Forced to name it further
I call it
“The greatness of all things”
“The end of all endings”
I call it
“That which is beyond the beyond”
“That to which all things return”…
Tao depends on itself alone
Supremely free, self-so, it rests in its own nature [1]
One could say without much qualification that the book of Lao Tzu (or, Laozi) is one of the “urtexts” of Ch’an (in Japanese, Zen). The poet and scholar of Chinese literature, David Hinton, certainly regards it as such. His most recent collection of texts, The Way of Ch’an: Essential Texts of the Original Tradition [2], places it right after the I Ching as the most foundational text of both Taoism and Ch’an. And being the fundamental text “of the original tradition” that it is, it implies something rather striking about that tradition. Whatever else Ch’an or Zen practice is, it isn’t an end in itself; its aim is not limited to a meditative experience of “waking up” to see everything and oneself as somehow “illusory” or “empty.” Original Zen was not nihilism; it wasn’t looking inward until one’s “self” was perceived to be “non-existent” or a sort of something with a “black hole” at the center. It wasn’t intellectual elimination, even if it sought to break down reliance on the strictly rational (something that all contemplative traditions do).

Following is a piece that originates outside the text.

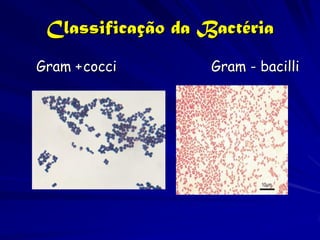 Classificação da Bactéria
Gram + cocci       Gram - bacilli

I say this because a latter-day version of Zen has gradually developed – mainly in the West, but also, by way of association, in the East as well – that has gotten itself tangled up with (Western) philosophical materialism or physicalism, with scientism (which isn’t to be confused with genuine science) and the bad arguments of the “New (though now old and quite dreary) Atheism,” and has forgotten that “original” Zen had a transcendent aim: to “know” and to flow with the Tao (“Way”), to seek and to cling to what Hinton translates as the “Source-Ancestral” – a word that can more simply be translated as “Ancestor” (宗 – zōng). “The sage,” said Chuang Tzu (Zhuangzi), “is one who holds fast to the Ancestor.” There are, in fact, a few synonyms employed by both Taoist and early Ch’an writers for what they meant by “Tao,” reinforcing the idea that no name could contain what it was they strove to encounter; but what is abundantly clear in their texts is that this elusive, but essential, reality is “that which is beyond the beyond,” in other words, what is meant — even in its immanence — by the “transcendent.” (As we will see, modern Buddhists – frequently Western converts, but not always – endeavor to reduce or explicitly deny the transcendental elements in their religion.)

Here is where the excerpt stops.